3. Change in Control. The Company agrees that, if there is a
Change in Control of the Company (other than a Change in Control which has been
approved by a majority of the Company's Board of Directors who were directors
immediately prior to such Change in Control), then with respect to all matters
thereafter arising concerning the rights of Indemnitee to indemnity payments and
Expense Advances under this Agreement or any other agreement or Charter or
By-Law provision now or hereafter in effect relating to Claims for Indemnifiable
Events, the Company shall seek legal advice only from Independent Legal Counsel
selected by Indemnitee and approved by the Company (which approval shall not be
unreasonably withheld). Such counsel, among other things, shall render its
written opinion to the Company and Indemnitee as to whether and to what extent
Indemnitee would be permitted to be indemnified under applicable law. The
Company agrees to pay the reasonable fees of the Independent Legal Counsel
referred to above and to fully indemnify such counsel against any and all
expenses (including attorneys' fees), claims, liabilities and damages arising
out of or relating to this Agreement or its engagement pursuant hereto.
4. Indemnification for Additional Expenses. The Company shall
indemnify Indemnitee against any and all reasonable expenses (including
attorneys' fees) and, if requested by Indemnitee, shall (within two business
days of such request) advance such expenses to Indemnitee, which are incurred by
Indemnitee in connection with any action brought by Indemnitee for (i)
indemnification or advance payment of Expenses by the Company under this
Agreement or any other agreement or Charter or By-Law provision now or hereafter
in effect relating to Claims for Indemnifiable Events and/or (ii) recovery under
any directors' and executive officers' liability insurance policies maintained
by the Company, regardless of whether Indemnitee ultimately is determined to be
entitled to such indemnification, advance expense payment or insurance recovery,
as the case may be.
5. Partial Indemnity, Etc.

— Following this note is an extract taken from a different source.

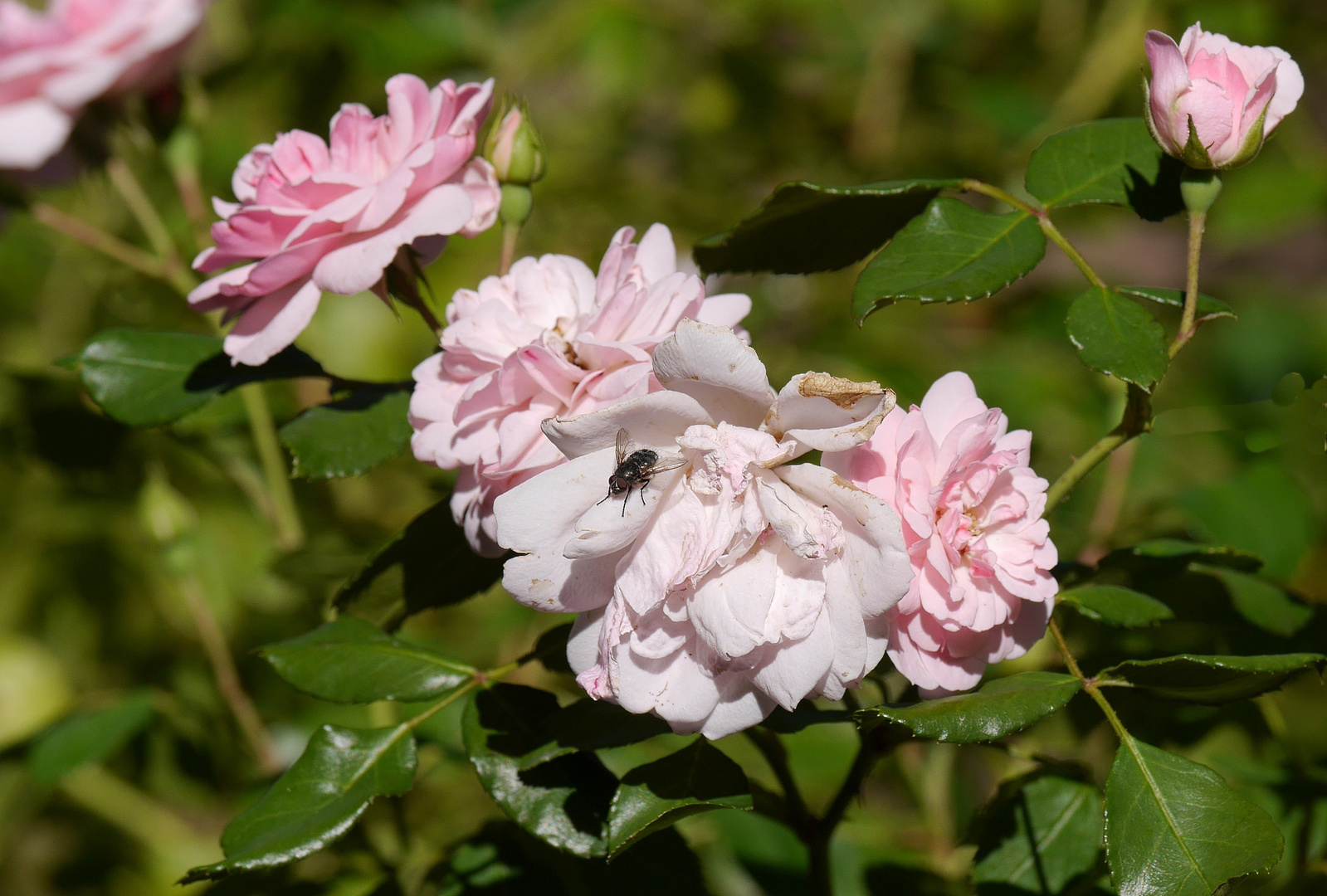 Blümchen mit Besucher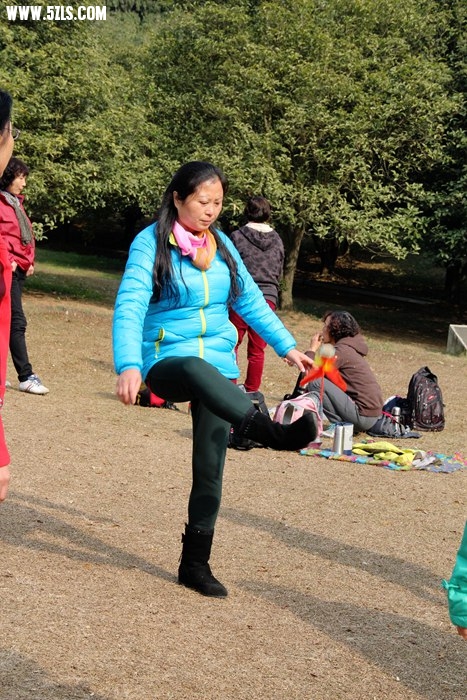 12006.jpg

If Indemnitee is entitled under any
provision of this Agreement to indemnification by the Company for some or a
portion of the Expenses, judgments, fines, penalties and amounts paid in
settlement of a Claim but not, however, for all of the total amount thereof, the
Company shall nevertheless indemnify Indemnitee for the portion thereof to which
Indemnitee is entitled. Moreover, notwithstanding any other provision of this
Agreement, to the extent that Indemnitee has been successful on the merits or
otherwise in defense of any or all Claims relating in whole or in part to an
Indemnifiable Event or in defense of any issue or matter therein, including
dismissal without prejudice, Indemnitee shall be indemnified against all
Expenses incurred in connection therewith.
6. Burden of Proof. In connection with any determination by the
Reviewing Party or otherwise as to whether Indemnitee is entitled to be
indemnified hereunder the burden of proof shall be on the Company to establish
that Indemnitee is not so entitled.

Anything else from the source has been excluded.